- WORK TO COMPLETE -
Below, find the line containing "Vitammy Electronic upper"; from there to the final line, print every line exactly and skip the pictures.

- PROVIDED DATA -
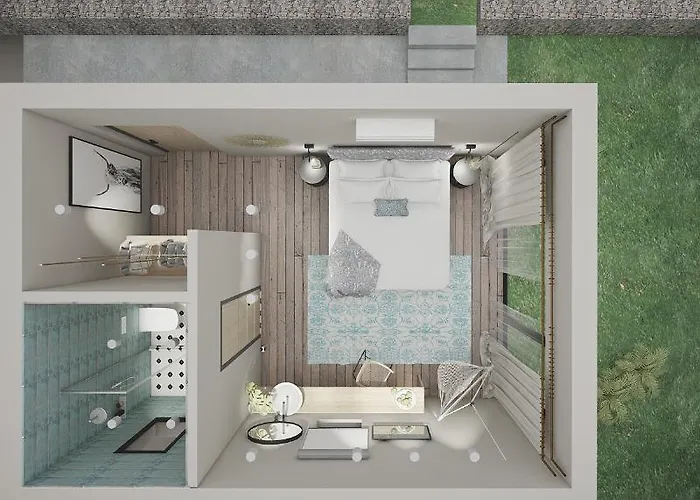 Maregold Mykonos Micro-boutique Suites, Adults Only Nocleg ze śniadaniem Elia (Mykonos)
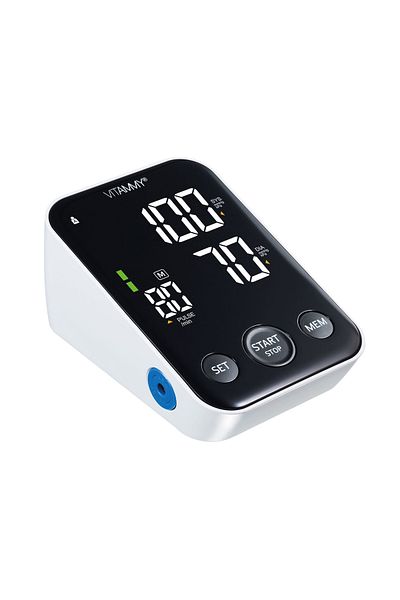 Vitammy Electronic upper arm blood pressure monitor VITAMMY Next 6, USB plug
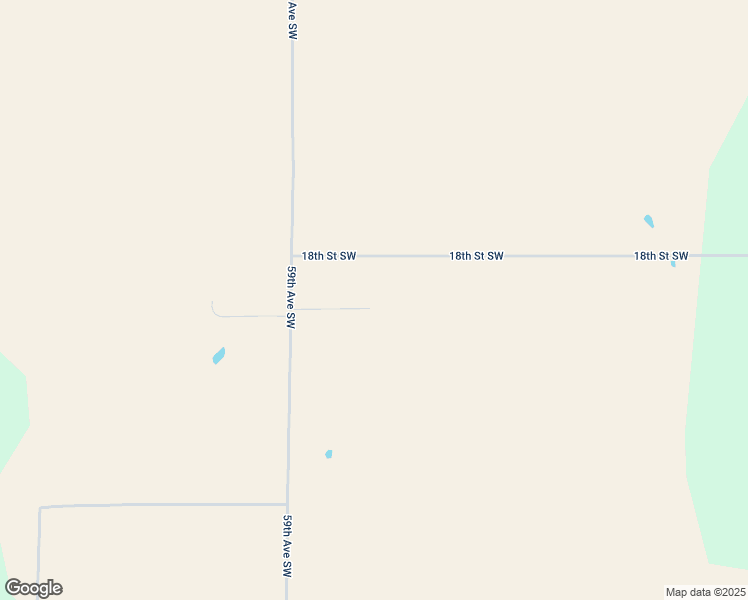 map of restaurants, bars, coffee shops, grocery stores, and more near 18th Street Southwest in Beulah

- RESPONSE -
 Vitammy Electronic upper arm blood pressure monitor VITAMMY Next 6, USB plug
 map of restaurants, bars, coffee shops, grocery stores, and more near 18th Street Southwest in Beulah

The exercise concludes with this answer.